Moreover, this ecosystem isn’t just unique to the game’s world– it also feeds directly into the rest of the game, creating a web of such intricate and subtle connections that you barely notice how they all come together. It’s constantly evolving as you progress, rounding out both the world and your band of characters. Like any real group of strangers, your party members start out hesitant and guarded when they first meet each other, but the more they battle together and cheer each other on when they score a critical hit, the more advanced their friendship becomes. And like any real group of friends, they begin to share their own skills and techniques with each other until they’re even comfortable enough to have intimate one-on-one conversations together, revealing little details about their past you wouldn’t have discovered otherwise during the course of the plot.

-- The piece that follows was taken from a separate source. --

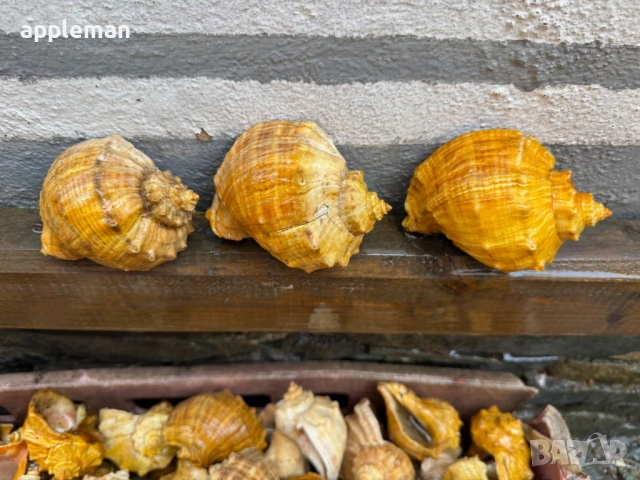 продавам лакирани рапани за домашни потреби и декорация, снимка 8 - Други - 53749150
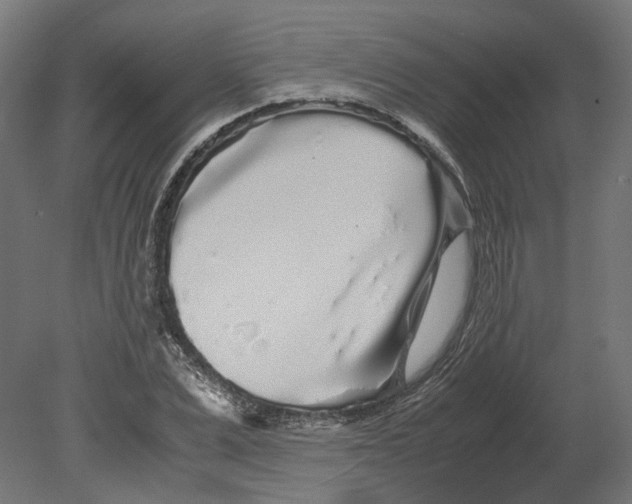 X0000080710975200701121813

They too are just as complex as the world around them, constantly growing alongside their ever-changing circumstances in a much more mature and sophisticated way than any other RPG has achieved on Wii.
But nowhere is this continual evolution more apparent than in the game’s multitude of side quests, and these are always a big draw for me whenever I start playing a game. With a staggering 400+ challenges to undertake throughout the course of the game, there’s always something to do. Likewise, the side quests not only help to develop the affinity between individual party members, they also help build a rapport with your fellow communities– the more you help certain groups of people, the more they trust you to take on greater tasks. Just the other day, I suddenly discovered that the cute, fluffy Nopons had an underground black market racket going on with the winged Alcamoth citizens, and I was completely taken aback. Just when I thought I had them sussed, I realised that I had only just begun to scratch the surface.
Certain quests can also unlock individual skill sets that even your party members didn’t know about, and this is precisely the kind of natural cycle I was talking about earlier. No other Wii game has come anywhere close to achieving this level of interconnecting detail, and for me, it’s this which places it above all other games on the system. It doesn’t just tell you to save the world– it gives you the reasons why.
Ultimately, though, when all’s said and done, Xenoblade Chronicles is simply a masterpiece. I haven’t felt such consistent and sustained wonder while playing a game for a very long time, and it’s a testament to what Wii is really capable of achieving. As much as I love Zelda, I’m not even sure that Skyward Sword will be able to topple Xenoblade from its mighty pedestal, and for that, Monolith Soft deserves a standing ovation.